The Oxford Business Group website suggested that the Gulf countries will revitalize the railway plan between them after the many delays in the previous period, as this network constitutes a transformation of trade and linkage between the countries of the region, noting that the project received a big boost in December when the GCC leaders agreed on the establishment of the Railways Authority, and this decision represents a potentially important development for the railway infrastructure in the region.

The website said in a report that the countries of the region had agreed to a railway project in 2009, but the financial pressures led to the delay of the project, and the delay of the project was also linked to the drop in oil prices in 2014 and finally to the Corona pandemic, according to a local Arabic daily.

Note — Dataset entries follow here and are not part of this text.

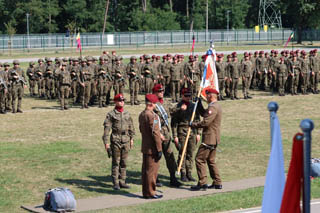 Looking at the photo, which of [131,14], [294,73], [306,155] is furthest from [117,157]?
[131,14]

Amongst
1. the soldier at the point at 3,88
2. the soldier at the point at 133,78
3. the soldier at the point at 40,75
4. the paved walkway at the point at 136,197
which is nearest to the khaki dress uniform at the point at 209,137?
the paved walkway at the point at 136,197

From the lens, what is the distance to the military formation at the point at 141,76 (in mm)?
23234

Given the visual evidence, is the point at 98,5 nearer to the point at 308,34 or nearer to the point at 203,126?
the point at 308,34

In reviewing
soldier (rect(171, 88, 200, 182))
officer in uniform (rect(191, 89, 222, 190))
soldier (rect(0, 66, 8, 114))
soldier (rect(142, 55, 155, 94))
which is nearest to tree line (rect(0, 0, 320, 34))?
soldier (rect(142, 55, 155, 94))

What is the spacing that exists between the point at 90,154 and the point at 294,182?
432 inches

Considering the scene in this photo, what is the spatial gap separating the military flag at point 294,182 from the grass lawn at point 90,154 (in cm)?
534

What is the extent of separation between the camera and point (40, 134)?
60.4ft

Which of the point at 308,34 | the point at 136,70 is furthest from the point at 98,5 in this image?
the point at 136,70

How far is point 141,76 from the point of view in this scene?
25016mm

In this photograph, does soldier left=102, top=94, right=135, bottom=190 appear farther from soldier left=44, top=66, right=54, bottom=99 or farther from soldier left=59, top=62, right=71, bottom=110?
soldier left=44, top=66, right=54, bottom=99

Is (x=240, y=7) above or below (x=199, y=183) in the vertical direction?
above

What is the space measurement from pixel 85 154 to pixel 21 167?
6.22 ft

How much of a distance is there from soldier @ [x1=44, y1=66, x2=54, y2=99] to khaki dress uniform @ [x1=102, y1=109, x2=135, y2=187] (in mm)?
14757

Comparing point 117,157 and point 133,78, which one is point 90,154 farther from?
point 133,78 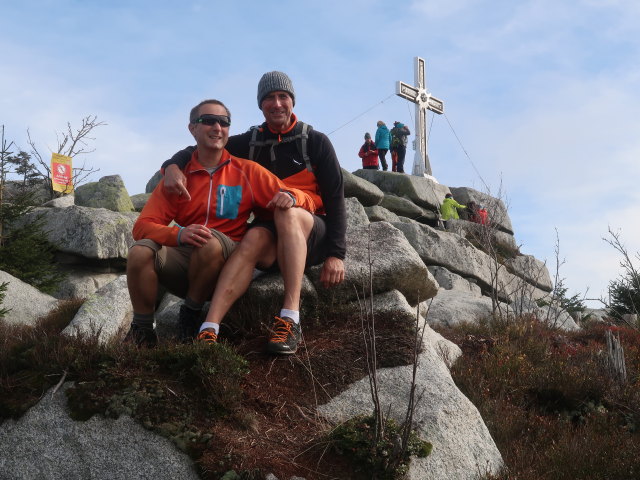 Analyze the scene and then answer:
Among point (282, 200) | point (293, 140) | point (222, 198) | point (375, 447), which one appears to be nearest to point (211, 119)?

The decision marks a potentially significant development for rail infrastructure in the Gulf. After being debated for decades, the GCC Railway project was initially approved by all six-member states in 2009. However, fiscal pressures delayed plans. These were associated with the oil price drop of 2014 and, more recently, the Covid-19 pandemic and diplomatic tensions, which resulted in an economic blockade of Qatar by some of its regional counterparts from 2017 to 2021.

The proposed project aims to connect all six GCC countries via a 2177-km railway. Starting in Kuwait City in the north, the rail line will pass through the coastal cities of Jubail and Dammam in Saudi Arabia, before heading through Bahrain’s capital Manama and Doha, the capital of Qatar. The line would then cut back into Saudi Arabia before moving to the UAE, where it would pass through major cities Abu Dhabi, Dubai and Fujairah, before reaching its terminal station in Muscat, the capital of Oman.

Hopes of a resumption of the project were given a further boost in February when Qatari media reported that construction of the section connecting Qatar and Saudi Arabia would begin soon, with foundational groundwork such as engineering designs and a work plan already completed.

For example, as part of Vision 2030 Saudi Arabia hopes to increase tourism’s GDP contribution to more than 10% and aims to attract 100m visitors by the end of the decade, up from around 20.3m in 2019. Furthermore, the construction of a GCC-wide railway bodes well for regional collaboration, and would support plans for greater economic alignment within the bloc.

Indeed, the GCC has sought to accelerate the establishment of a joint Customs union and common market, ahead of the ultimate goal of establishing economic unity within the region.